Ines had solid evidence to back up everything that Ehab had reported. Over afternoon tea, she confided in the woman with the short hair that she’d been shaken to discover she was under surveillance herself. She told the woman about her conversation with Shalaby, in which every syllable and every word had been recorded. Um Mabrouk confirmed the incident. Ehab produced the papers he’d kept, which included the whole conversation and many others. They had been stamped by the Booth and officially approved by the official, and he offered to show them to anyone who wanted to see them. With this discovery, and similar evidence that began to follow it, people stopped using phones, both their own and Um Mabrouk’s, except on rare occasions, and a wide-reaching boycott campaign gathered momentum. When Um Mabrouk announced that she was joining the campaign, her son removed the battery from her phone and took it back home. She rather liked the boycott, and was a staunch supporter. She was excited to join Ehab and his friends, and told her customers the part of the story that she herself was involved in, embellishing it with just a few tantalizing details.

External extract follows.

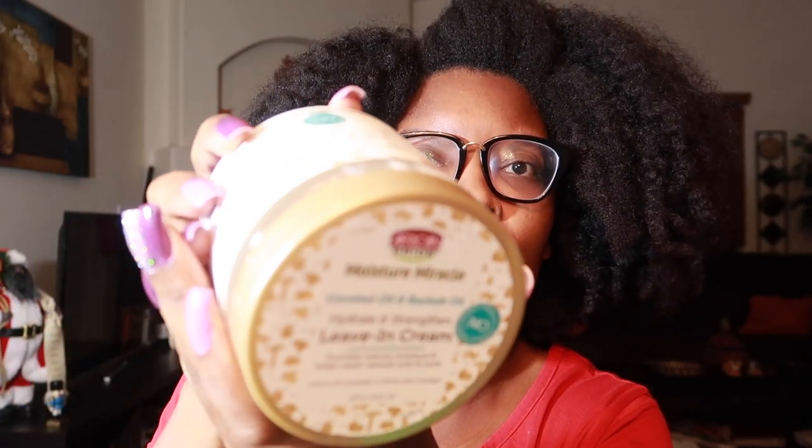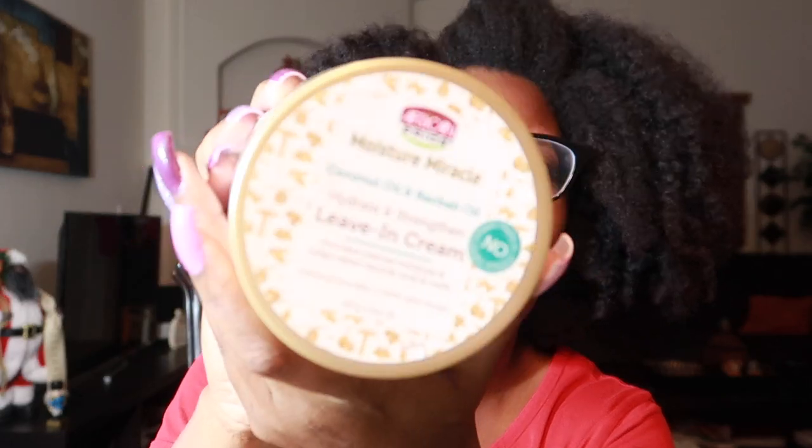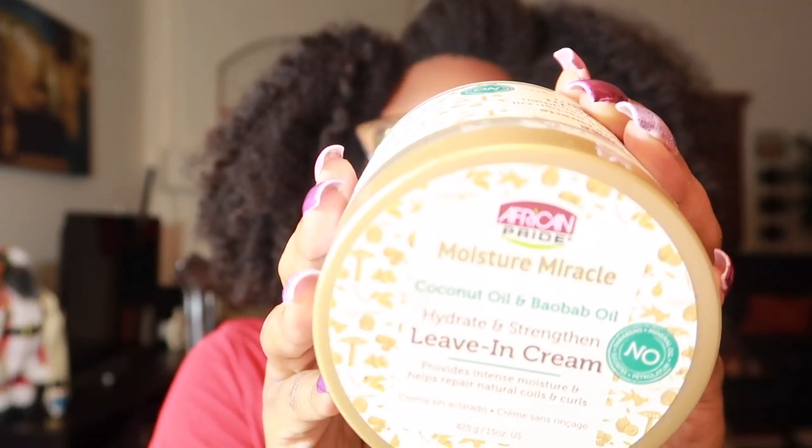Hey you guys, I am here today to detangle my hair on camera. Now, we're not going to do all of it because that's going to take a couple of hours, but I'm going to be using one item that I haven't used before to detangle my hair, and that is the African Pride leave-in cream. I have a separate review on this product and it was just okay. One of you ladies had commented that you actually use this product to detangle your hair, so we shall see.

People gradually discovered that the surveillance feature had spread beyond the queue and into other districts. No one knew whether it affected everyone, or just the free phone lines, or only those people whose conversations had been sent to the basement. Despite the public outcry, Violet Telecom continued to give out free phones, and a few days later published an advertisement in The Truth promising its customers a superior new service, with details to be announced in an upcoming offer. The company also warned citizens against believing false information spread by its less fortunate competitors, information that only aimed to tarnish its reputation and to deprive vast segments of the population — particularly the poor — from its free services. Meanwhile, rumors spread that some people whose conversations had been recorded had disappeared; they’d been summoned to the basement and never returned. These rumors left a visceral tension in their wake; people in the queue exchanged names of the disappeared and the dates they’d vanished, distributing flyers with their pictures and pleas to return them unharmed. Even though no one from the queue was missing, Ines was so overwhelmed by the situation that her support for the boycott began to wane, even though she’d been one of its first champions. She grew increasingly timid and withdrawn, and stopped drinking tea with Um Mabrouk.